Meglio non rischiare
La quantità di alcol massima da ingerire per essere sicuri di non influenzare
minimamente lo stato di vigilanza necessario per guidare in modo sicuro non
è facile da stabilire. Essa è, infatti, troppo variabile in funzione
delle caratteristiche soggettive di ciascuno e soprattutto delle condizioni
di fatica e di riposo.
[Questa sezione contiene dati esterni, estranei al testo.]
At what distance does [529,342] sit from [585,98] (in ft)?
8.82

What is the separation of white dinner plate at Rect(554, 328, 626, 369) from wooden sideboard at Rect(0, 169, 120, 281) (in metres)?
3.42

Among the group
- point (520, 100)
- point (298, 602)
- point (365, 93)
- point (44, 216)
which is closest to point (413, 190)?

Nonostante quindi tutti i paesi, compreso il nostro,
fissino per legge la quantità di alcol massima che può essere
presente nel sangue di una persona alla guida (alcolemia), oltre la quale scattano
le sanzioni, l’orientamento di molte industrie produttrici di bevande
alcoliche, tra cui l’industria italiana della birra, rappresentata da
Assobirra, è quello di suggerire ai propri consumatori di non bere mai
e per nessun motivo prima di mettersi alla guida, proprio per evitare inutili
rischi.
Già a valori di alcolemia nettamente inferiori a quelli oltre i quali
scattano sanzioni, si possono avere effetti pericolosi come ad esempio la sopravvalutazione
delle proprie capacità di controllo. Assumere caffè per controbilanciare
gli effetti dell’alcol bevuto non serve e rischia di peggiorare la situazione.
La caffeina, infatti, elimina l’effetto soporifero dell’alcol, ma
lascia inalterati gli altri effetti. In questo modo si è stimolati a
guidare pur non essendo in grado di farlo correttamente.